Expand (a + b)ⁿ without endless multiplying. Meet factorials and binomial coefficients, read the coefficients straight off Pascal's triangle, and take a first look at mathematical induction — the proof technique behind these patterns.

Factorials and binomial coefficients

A factorial, written n!, is the product of all whole numbers from n down to 1: for instance 4! = 4 · 3 · 2 · 1 = 24. By convention 0! = 1, a definition that keeps later formulas tidy. Factorials count arrangements, which is exactly why they appear in expansion coefficients.

A binomial coefficient, written C(n, k) or “n choose k,” equals n! / (k!(n − k)!). It counts how many ways to choose k items from n, and it is exactly the number multiplying each term when you expand a binomial power. These coefficients are always whole numbers despite the factorials.

Compute a binomial coefficient:  C(5, 2) = "5 choose 2"

C(n, k) = n! / ( k! (n - k)! )

C(5, 2) = 5! / ( 2! * 3! )
        = 120 / ( 2 * 6 )
        = 120 / 12
        = 10
C(n, k) = n!/(k!(n−k)!); the factorials cancel down to a whole number.

The binomial theorem and Pascal's triangle

The binomial theorem says (a + b)ⁿ expands as a sum of terms C(n, k) · a^(n−k) · b^k for k running from 0 to n. As you read left to right, the power of a drops by one each term while the power of b climbs by one; their exponents always add to n. The coefficients are the binomial coefficients above.

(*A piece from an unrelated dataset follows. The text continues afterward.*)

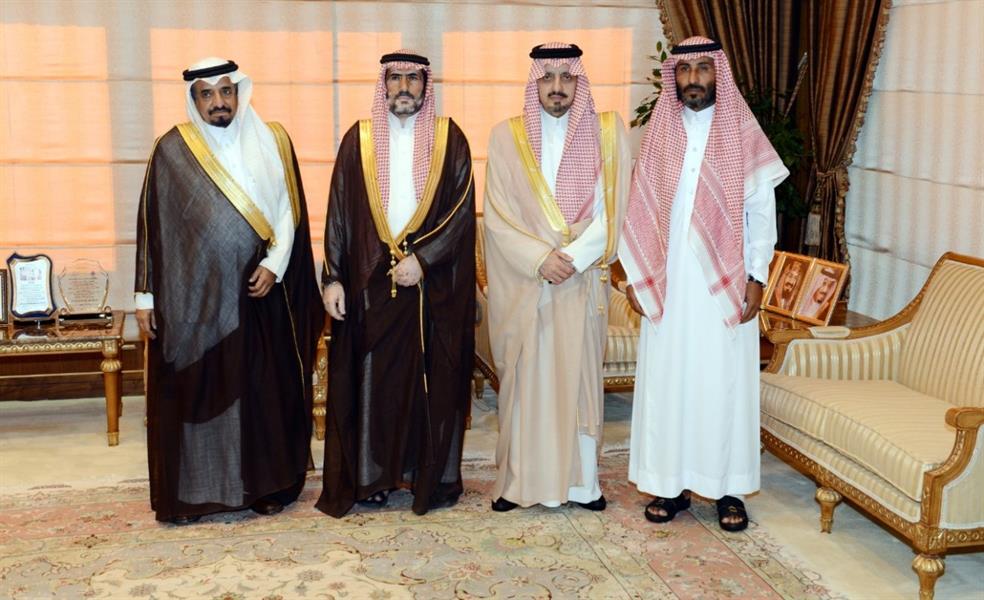 أمير عسير يستقبل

Pascal's triangle is a fast way to get those coefficients without computing factorials. Start each row with 1, end with 1, and make every interior entry the sum of the two numbers above it. Row n (counting from row 0) gives exactly the coefficients of (a + b)ⁿ.

Pascal's triangle (rows 0 to 4):

            1                <- row 0:  (a+b)^0
          1   1              <- row 1:  coeffs 1, 1
        1   2   1            <- row 2:  coeffs 1, 2, 1
      1   3   3   1          <- row 3:  coeffs 1, 3, 3, 1
    1   4   6   4   1        <- row 4:  coeffs 1, 4, 6, 4, 1

Each inside number = sum of the two just above it (e.g. 6 = 3 + 3).

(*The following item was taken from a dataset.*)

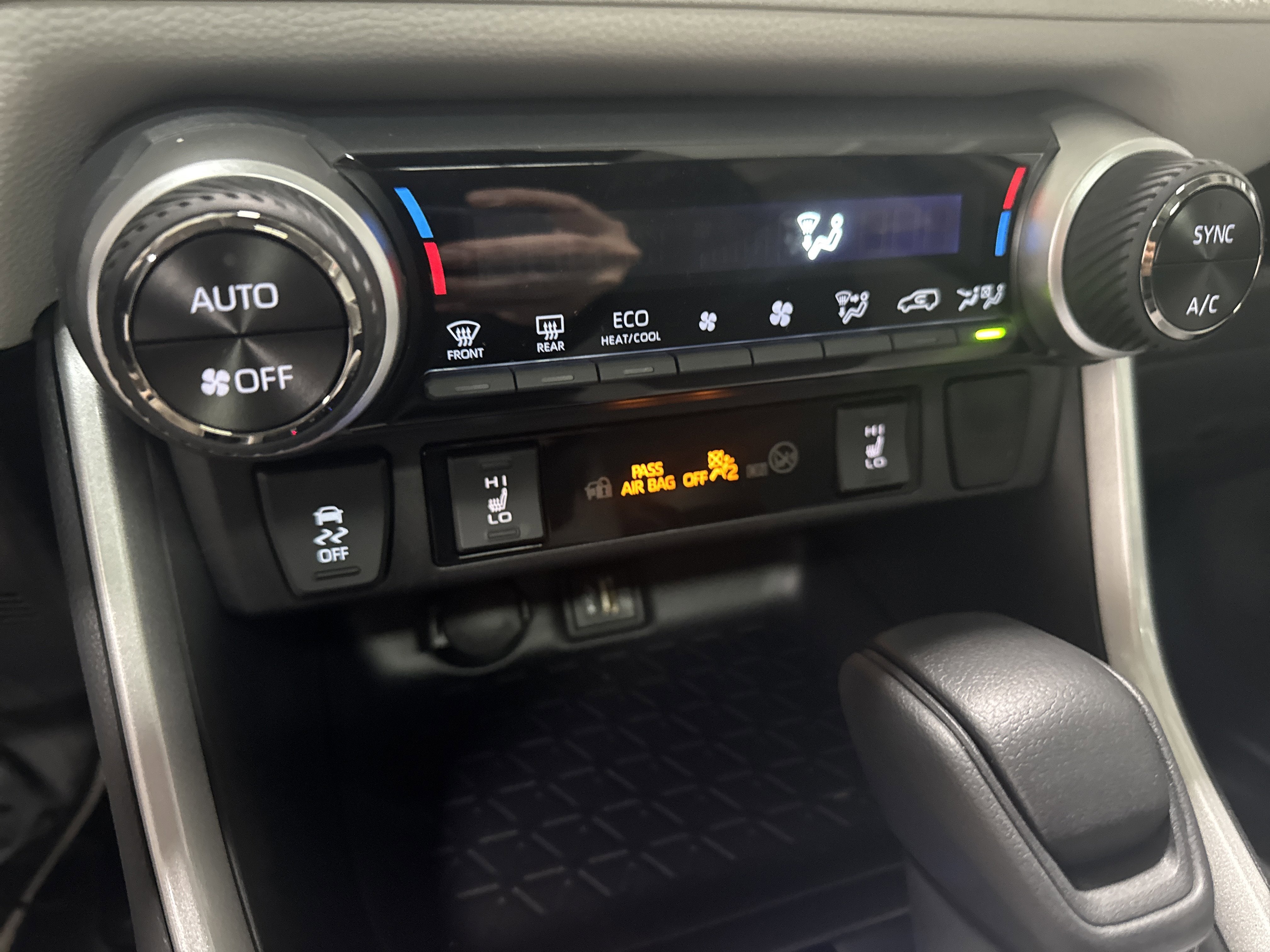 2025 Toyota RAV4 Hybrid Hybrid XLE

Use row 3 to expand (a + b)^3:
  (a + b)^3 = 1*a^3 + 3*a^2*b + 3*a*b^2 + 1*b^3
            = a^3 + 3a^2 b + 3a b^2 + b^3
Read row n of Pascal's triangle as the coefficients of (a + b)ⁿ.

A first taste of induction

How do we know a formula like 1 + 2 + … + n = n(n + 1)/2 holds for every n, not just the ones we tested? Mathematical induction proves it. Think of dominoes: if the first one falls, and each fallen domino knocks over the next, then they all fall.

  1. Base case: show the statement is true for the first value, usually n = 1.
  2. Inductive hypothesis: assume the statement holds for some value n = k.
  3. Inductive step: using that assumption, prove the statement then holds for n = k + 1. The base case plus this step together force it true for all n.
Prove:  1 + 2 + ... + n = n(n + 1)/2,  for all n >= 1.

Base case (n = 1):   left = 1.   right = 1(1+1)/2 = 1.   Equal. OK.

Assume true at n = k:   1 + 2 + ... + k = k(k + 1)/2.

Step to n = k + 1:   add (k + 1) to both sides:
  1 + 2 + ... + k + (k + 1) = k(k + 1)/2 + (k + 1)
                            = (k + 1)[ k/2 + 1 ]
                            = (k + 1)(k + 2)/2

This is exactly the formula with n replaced by k + 1.  Proof complete.
Induction: prove the base case, then the step from k to k + 1.